Loris Gréaud Presents “The Cortical Nights” at the Petit Palais

Since the early 2000s, Loris Gréaud has been building an atypical career on the international contemporary art scene. He creates unique environments, often populated by disruptive elements, constructing an ambiguous narrative that blurs the boundaries between fiction and reality. We caught up with the artist a few days after the opening of his new exhibition at the Petit Palais, “The Cortical Nights”.
The Cortical Nights is a sort of archipelago, a nebula of images and reflections infiltrating the Petit Palais”
You have created a mysterious exhibition designed to awaken visitors’ senses,  thus calling for their active participation. What is the importance of wonder or what role does it play in your exhibition? How do you want visitors to approach the show? What kind of experience do you want them to have?
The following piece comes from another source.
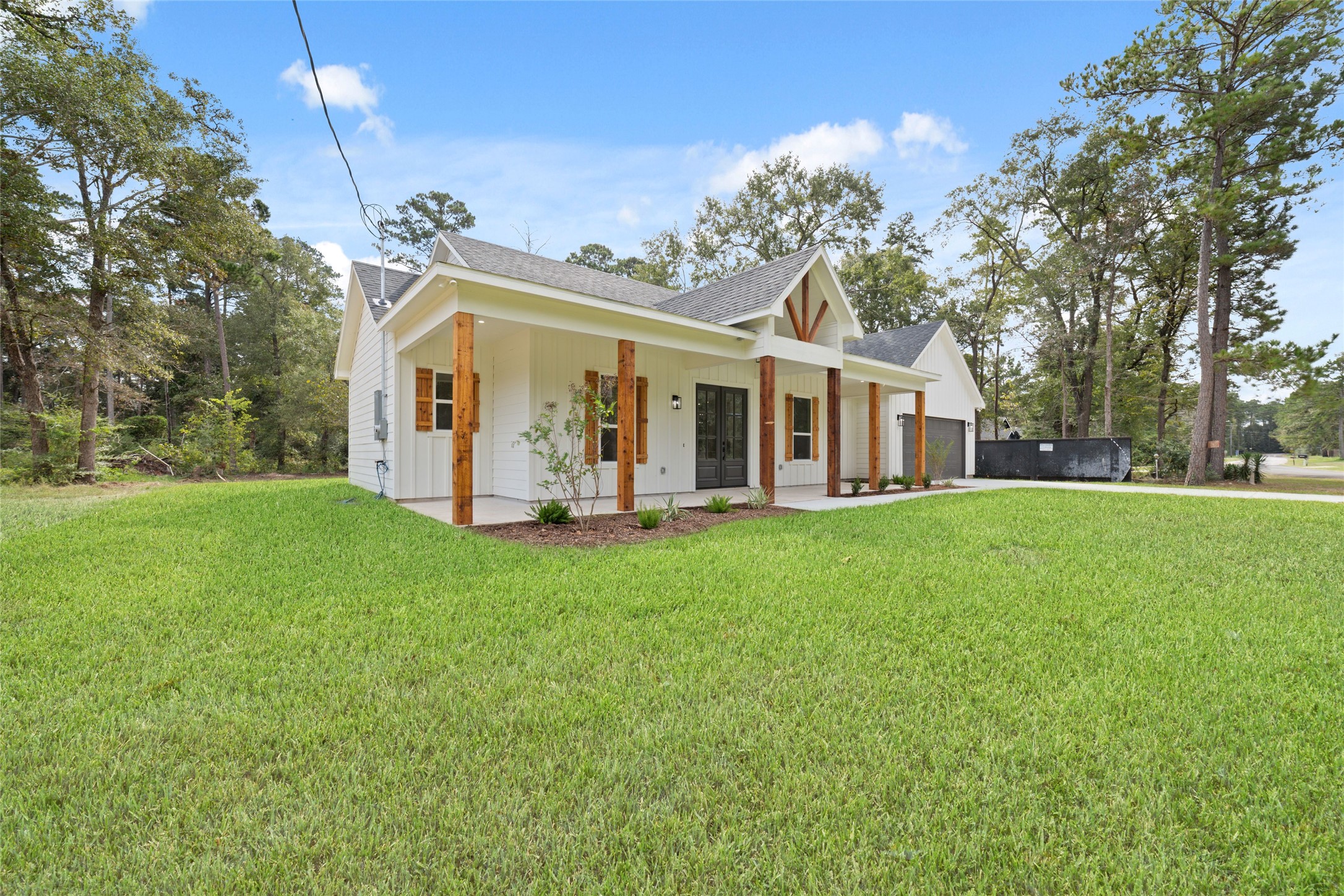 17039 E Hollyhill Dr Property Photo 3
While I’m glad that some sequences arouse wonder in the public, I haven’t a specific intention or expectations regarding how the exhibition will make visitors feel. I hope that the systems I have put in place for The Cortical Nights open up a spectrum wide enough for everyone to make their own understanding and experience of it. It’s an interesting thing that comes with the Petit Palais, which welcomes a very broad public from all nationalities and ages; I like the idea that some people might miss out on this exhibition, which is designed to feel like it infiltrates the building.
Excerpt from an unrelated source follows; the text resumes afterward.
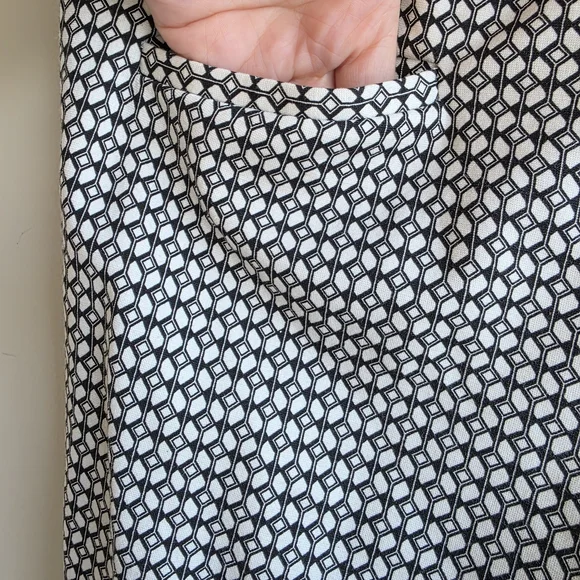 Amanda & Chelsea Black and White Geometric Skinny Pants - Picture 11 of 12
What was the starting point for “The Cortical Nights”? You mentioned being inspired by J.G. Ballard, do you evoke any particular books or short stories?
The starting point was none other than this invitation, this magnificent venue and my choice to produce works and systems to fit this particular project. The possibility of working on a blank page… Naturally, my references and my ‘fundamentals’ are likely to reappear. I also really like this idea of rereading, of ‘revisiting’ my classics (literary, cinematographic, musical…). As is often the case in my work, the titles of the pieces echo titles or passages from literary works that are important to me. For example, “La Machine Molle”, actually The Soft Machine, or Nova Express, are both borrowed from William S. Burroughs. The reference can also be the narrative framework of a short story that serves as a synopsis or script for a work, as was the case with the exhibition’s inaugural performance, “Prima Belladonna”, based on J.G. Ballard’s first written work. Link to the performance
Several pieces address the notion of metamorphosis. Visitors to the Petit Palais will discover “I-I Tacet” (2023) – a series of sound works in which custom-made musical instruments are grafted onto reproduction casts of Philippe de Buyster’s seventeenth-century ornamental sculptures, the Anges du Dôme du Val de Grâce. Why this you choose to restore and reproduce this particular piece?
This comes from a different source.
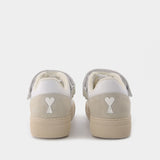 Baskets Low-Top ADC en Cuir Blanc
I began turning casts of classical artworks into abstract sculptures back in 2014, with the series “The Multiplication Table of Obsession and Irresolution”, acquired by the Centre Pompidou in 2021. For the Petit Palais, I used the casts from Philippe de Buyster’s “Anges du Dôme du Val de Grâce” sculptures. They have been meticulously restored according to the nomenclature used for conserving classical masterpieces, just like the plaster casts on display in the Petit Palais’ Grand Galerie Nord. A dialogue was instantly established between these works and the sculptures in the Petit Palais, and that brought up the notion of irresolution, which I find particularly productive.
To create “I-I Tacet”, you also commissioned organ builder Terence Jay to design bespoke musical instruments called “Euphones”, which you incorporated into the six sculptures. The marked verticality of the instruments contrasts with the organic-like shapes of the casts. What is the inspiration behind them?
Several elements led to the final work: the idea of an artwork in constant transformation, the fact that they were sculptures of angels, and the theory according to which there is an infrasound frequency specific to each building that can trigger its collapse. I found it interesting to graft these friction-operated musical instruments, which produce a beautiful sound reminiscent of that of the Crystal Bachet, onto the sculptures. I asked Terence Jay to design custom-made instruments that would merge perfectly with the sculptures, and whose notes would compose a harmony in D minor so that, theoretically, the infrasound produced by the activation of these instruments could resonate with the vibratory frequency of the Petit Palais’ North Gallery. Every evening, half an hour before the museum closes to the public, the works are activated by professional musicians, according to a score and protocol devised by my dear friend Philippe Langlois, Director of Education at IRCAM. Like this, this sculptural installation whispers the end credits of the exhibition every day, just like a swan song.
In the garden, hidden loudspeakers play ‘sheets’ of sound over the islands surrounding the pools. You collaborated with Professor Michel André on this project, which promises to be “a static journey of almost 50,000 km in real time from the South Pole to the North Pole”… Can you tell us more about it?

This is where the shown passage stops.